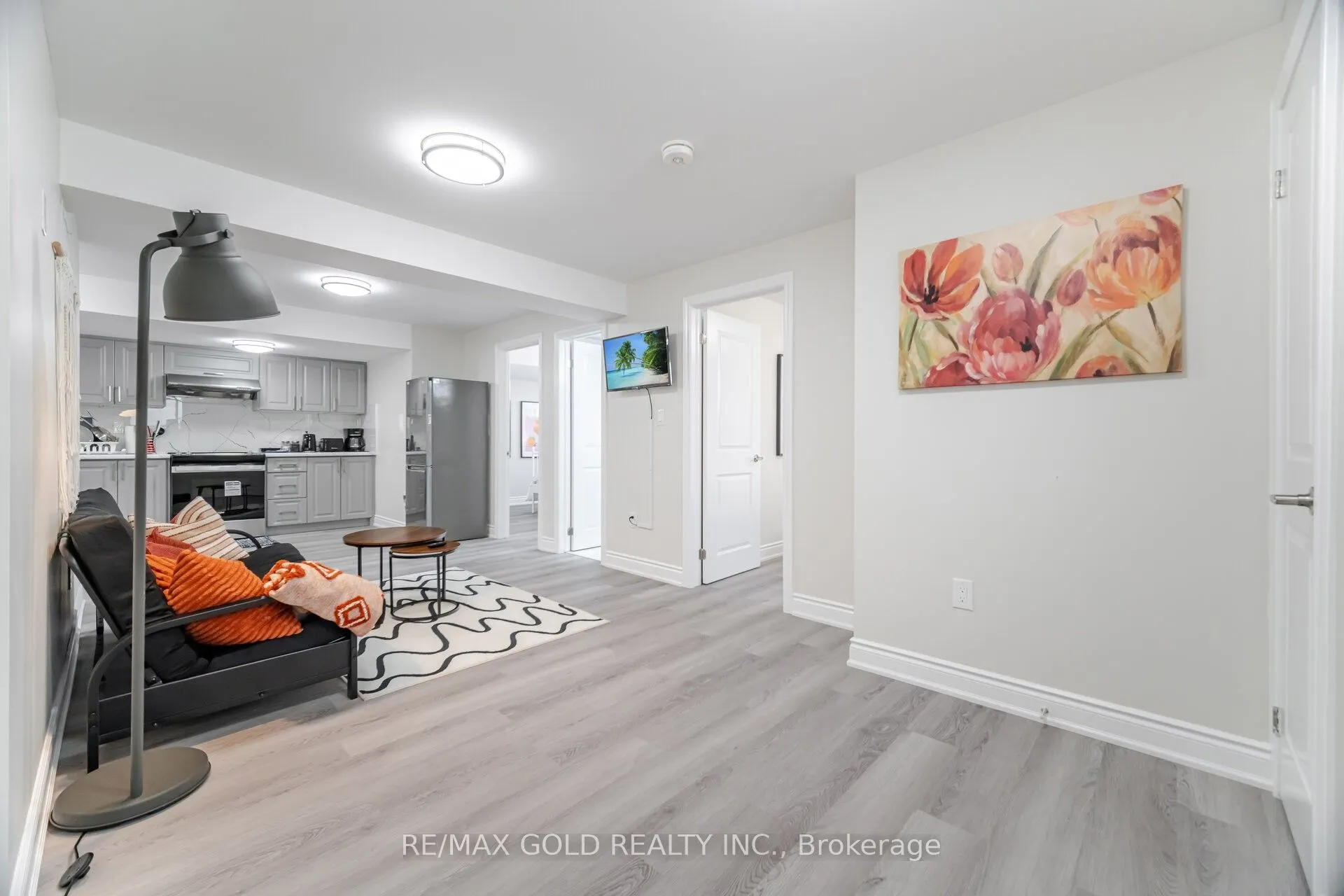 3 Sara Drive
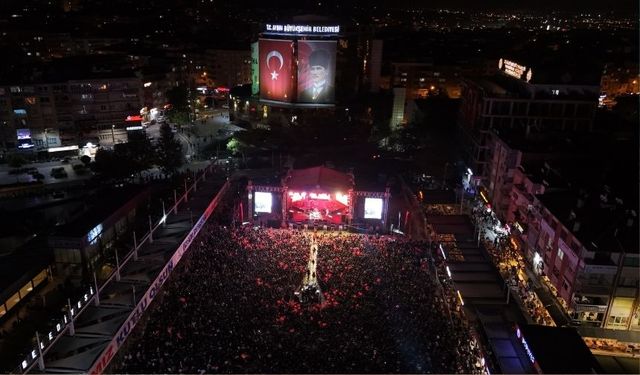 Büyükşehir'in Cumhuriyet Bayramı kutlamasına 50 bin Aydınlı katıldı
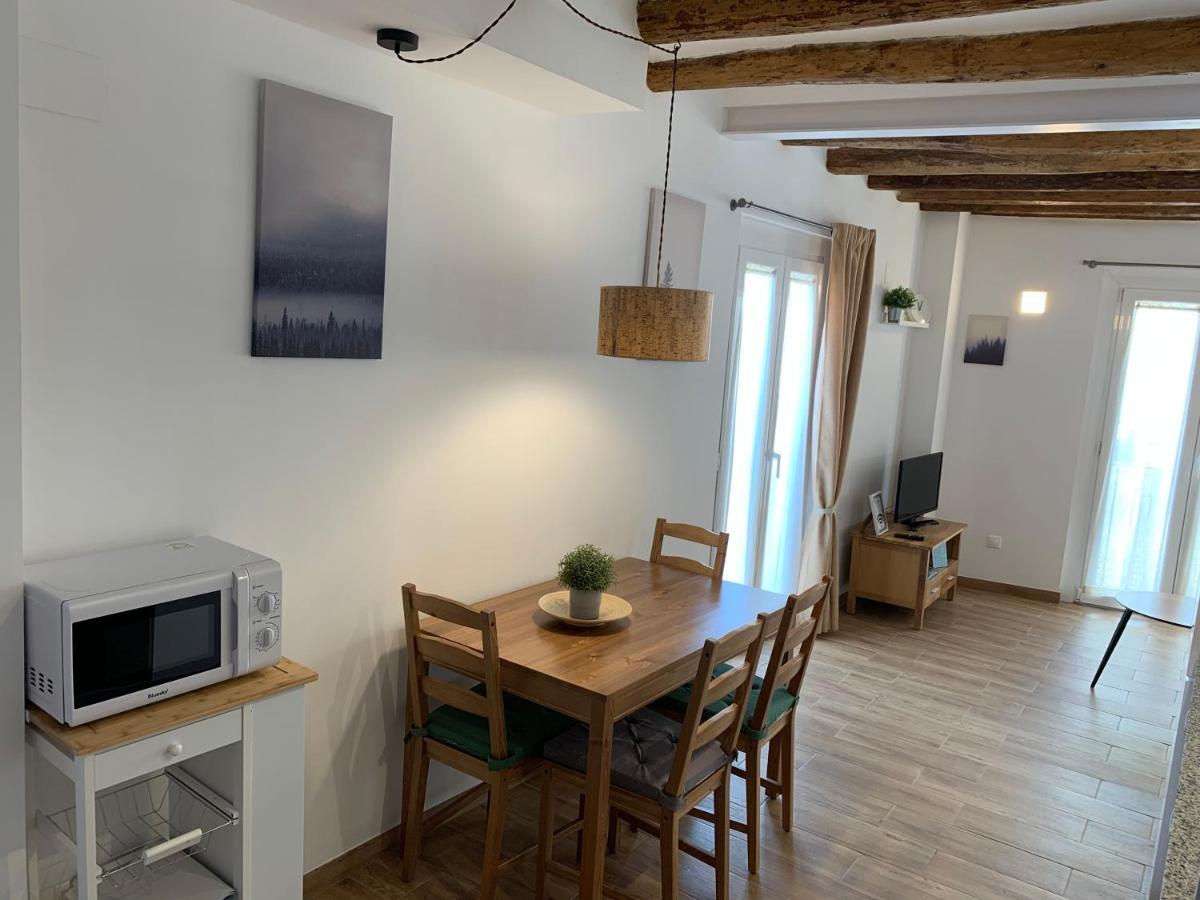 Apartaments Impro Mora d'Ebre Buitenkant foto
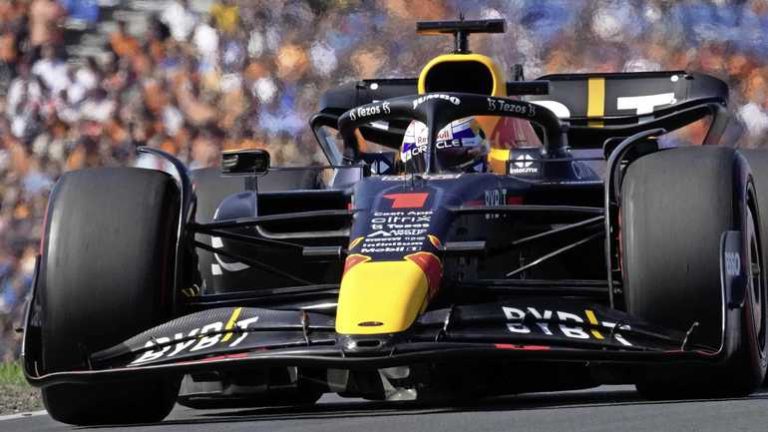 Max Verstappen trakteert fans in Zandvoort op tweede thuiszege op rij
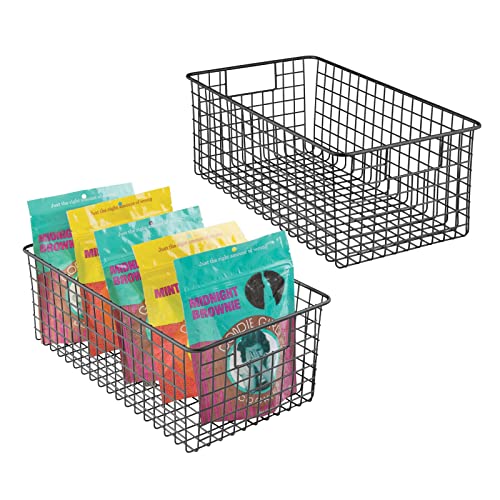mDesign Juego de 2 cestas metálicas multiusos – Cestas de almacenaje versátiles para cocina, despensa, etc. – Cestas de alambre compactas y universales con asas – negro mate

------

Return, exactly and without extra lines, everything from the line with "Büyükşehir'in Cumhuriyet Bayramı" through the last line of the material above, both included. Pictures must be dropped.

# FINISHED TASK
 Büyükşehir'in Cumhuriyet Bayramı kutlamasına 50 bin Aydınlı katıldı
 Apartaments Impro Mora d'Ebre Buitenkant foto
 Max Verstappen trakteert fans in Zandvoort op tweede thuiszege op rij
mDesign Juego de 2 cestas metálicas multiusos – Cestas de almacenaje versátiles para cocina, despensa, etc. – Cestas de alambre compactas y universales con asas – negro mate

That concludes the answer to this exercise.